Doch Montezemolo stellte klar: "Ich glaube fest an Marco." Mattiacci selbst lässt die Kritik an seiner Person kalt. Er weiß, dass er nicht die F1-Erfahrung eines Domenicalis besitzt, aber das müsse nichts Negatives sein. "Manchmal ist es ganz gut eine andere Perspektive reinzubringen, um Probleme zu lösen und Möglichkeiten aufzuzeigen. Ich akzeptiere die Kritik. Ich weiß, dass ich mich noch beweisen muss - ich kann den Leuten nur sagen, dass ich extrem motiviert bin", betonte der Italiener abseits des China GP.

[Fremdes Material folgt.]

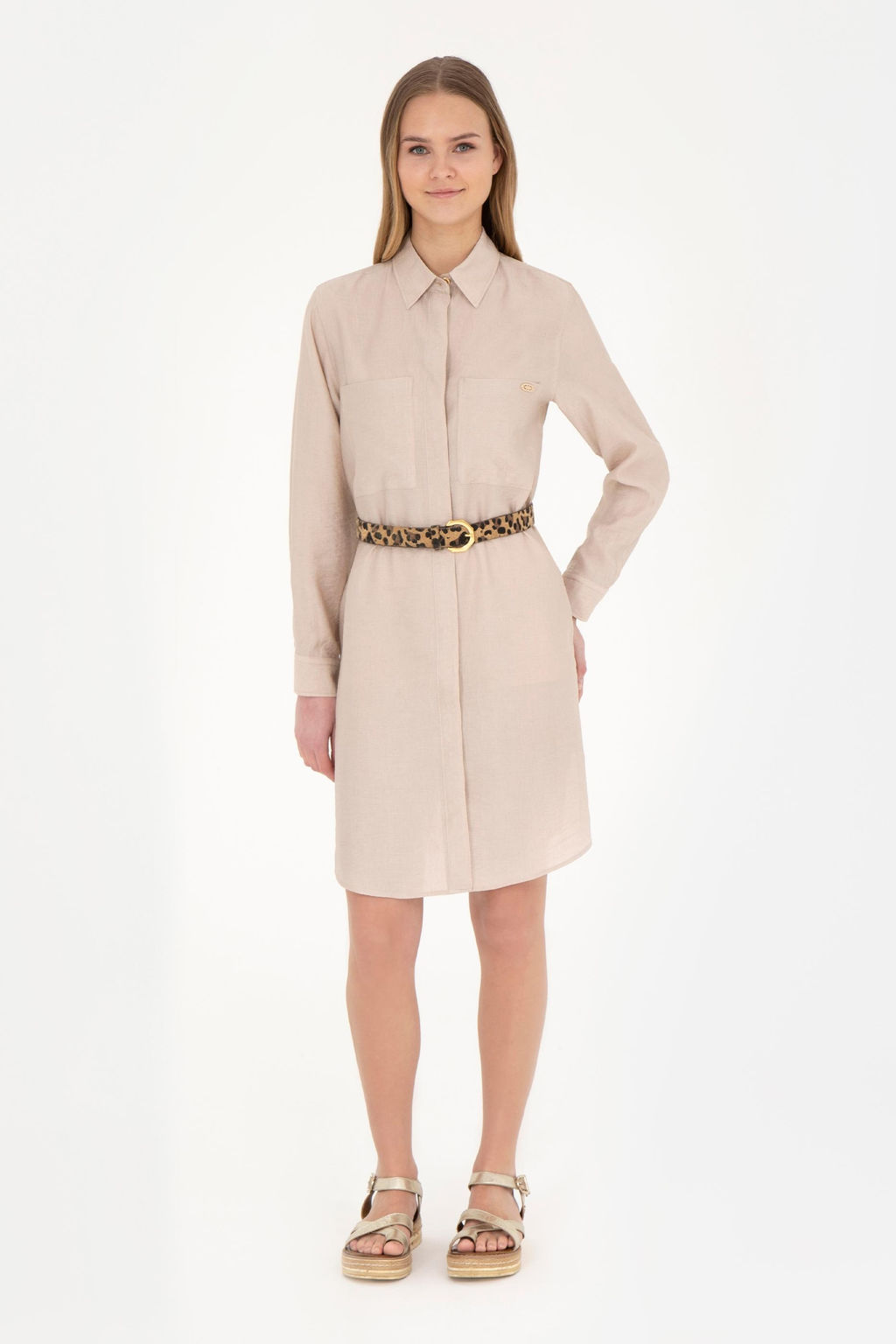 Женское тканое платье песочного цвета - U.s. polo assn фото 8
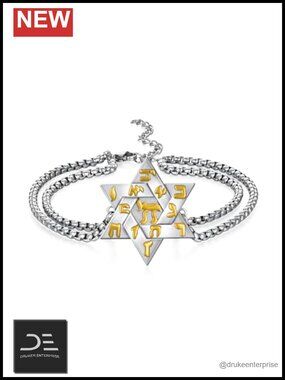 Star of David Chai Bracelet 925 Sterling Silver Jewish Jewelry Gift for Men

In Shanghai absolvierte er seinen ersten offiziellen Auftritt als Ferrari-Teamchef und löste ungewollt einen Sturm auf den sozialen Netzwerken aus. Trotz starker Bewölkung über dem Shanghai International Circuit lief Mattiacci den ganzen Tag mit schwarzer Sonnenbrille durch die Gegend, was von den Journalisten - unter anderem auch von Motorsport-Magazin.com-Experte Christian Danner - kopiert wurde. Die Erklärung für sein Fashion-Statement hörte sich weit weniger aufregend an: "Wenn man in weniger als vier Tagen 40 Stunden im Flieger sitzt und nicht zum Schlafen kommt, dann braucht man eine Sonnenbrille", so Mattiacci.